Hi all! I've been using nom a lot recently for parsing "programming-language-esque" things, and I think I've finally come up with a principled way of handling whitespace. Note: this will only really work if you're parsing "whitespace-insensitive" languages (though these languages still require whitespace in some places, like around keywords).

(See the attached gist for the full definition and some examples.)

The main idea is to get yourself asking questions like:

Is whitespace allowed to appear after/before/around this thing?

Is whitespace required to appear after/before/around this thing?

Is it required, or allowed for whitespace to appear exactly here?

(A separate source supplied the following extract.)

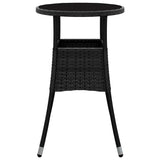 Vidaxl Garden Patio Table With Tempered Glass Top And Poly Rattan Steel Frame, Lightweight And Durable, Easy Assembly, Stylish Design For Outdoor Living Space - Black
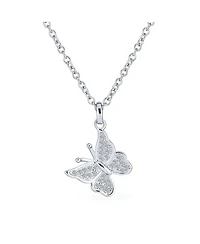 Bling Jewelry Mini Petite Tiny Clear Cubic Zirconia Micro Pave Cz Garden Insect Butterfly Pendant Necklace .925 Sterling Silver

I have yet to do much testing with this, but I have been able to refactor the parser for my pet-project and it at least looks a lot nicer. I'd appreciated any feedback y'all have on this, and if people like this, maybe we could make it into a crate! Thanks!

1 Like

Looks nice!

To make it general purpose, do you think it'd be worth separating out the logic for comments, or otherwise allowing configuration constitutes a comment? Right now the code looks limited to languages which use // comments. To be honest, though, I'm not sure what the best way to make that configurable would be, though...

1 Like

Yeah all the other parsers defined here depend on the comment parser, so it would be nice to be able to customize it.

Option 1: Traits

Maybe that means instead of a series of nested modules, this crate would need to be use a trait:

trait WsParser {
    fn comment();
    fn allowed_here() { /*default impl*/ }
    fn allowed_before() { /*default impl*/ }
    fn allowed_after() { /*default impl*/ }
    fn allowed_around() { /*default impl*/ }

struct Space;

impl WsParser for Space {
    fn comment() { /*your custom impl here*/ }

// Use it like this:

I feel like this doesn't read very smoothly though. Plus, you'd have to rely on the user defining a struct with a name that reads well.

Option 2: Statically Configurable

Maybe you could just pass in the end-of-line comment signifier string as a config option in Cargo.toml somehow. Like you could specify "this language I'm parsing uses // to begin end-of-line comments".


Neither of these options allows the user to specify multi-line comments, so they are in no way a complete solution.